The Chinese chaffed under foreign rule, and by 1382, the Ming dynasty completed its usurpation of the Mongols. During the early Ming period, the Mongol threat remained, but the Chinese also ventured out of the 'middle kingdom' by sending naval expeditions to West Asia and the eastern African coast. The Portuguese, however, followed soon after by the Spanish and the Dutch, eclipsed China's naval efforts, and took possession of the lucrative East-West trade. In 1644, after decades of Ming decline, a Manchurian dynasty, the Chi'ing, took control of the country, though Manchurians represented only two percent of the Chinese population.

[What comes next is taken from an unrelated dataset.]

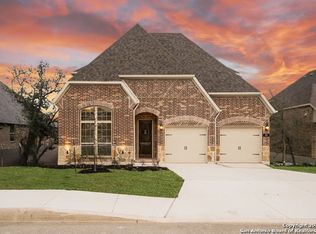 411 Montessa Park, San Antonio, TX 78253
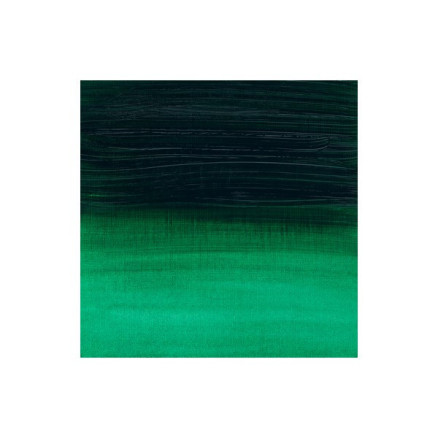 Proff. acrylic 60ml phthalo green yellow shade 521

As in other parts of Asia, Chinese power in the 18th and 19th centuries gradually weakened in the face of Western encroachment, though China did not face outright colonisation. By the end of the 18th century, China's population had reached 300 million, but its administrative structures had remained largely unchanged for two millennia. The British forced the Chi'ing to capitulate on trade issues in 1842, and a series of rebellions, the most serious of which was the Taiping, highlighted the country's collapsing central authority. China suffered an embarrassing defeat by the Japanese in 1895, and Chi'ing rule collapsed in 1911, ushering in a turbulent four decades of political struggle.

Following the death in 1916 of China's first president, Yuan Shih-k'ai, the country witnessed the period of warlordism, as military chiefs carved up their regions of control. Warlordism was brought to an end by Sun Yat-sen's nationalist Kuomintang party and the country was reunified in 1928 under the leadership of Chiang Kai-shek. China gained international diplomatic recognition even as the shadow of communist takeover under Mao Tse-tung loomed. Internal opposition, particularly from persecuted communists, grew in the following years, setting the stage for a decisive fight for control of China in the years after the Japanese invasion of the second world war. Mao Tse-tung, drawing on the imported ideas of Marx and Lenin, prevailed over Chiang Kai-shek in 1949, and set out to revitalise Chinese unity and power through the peasant route to revolution that has since given way to the state sponsored capitalist route.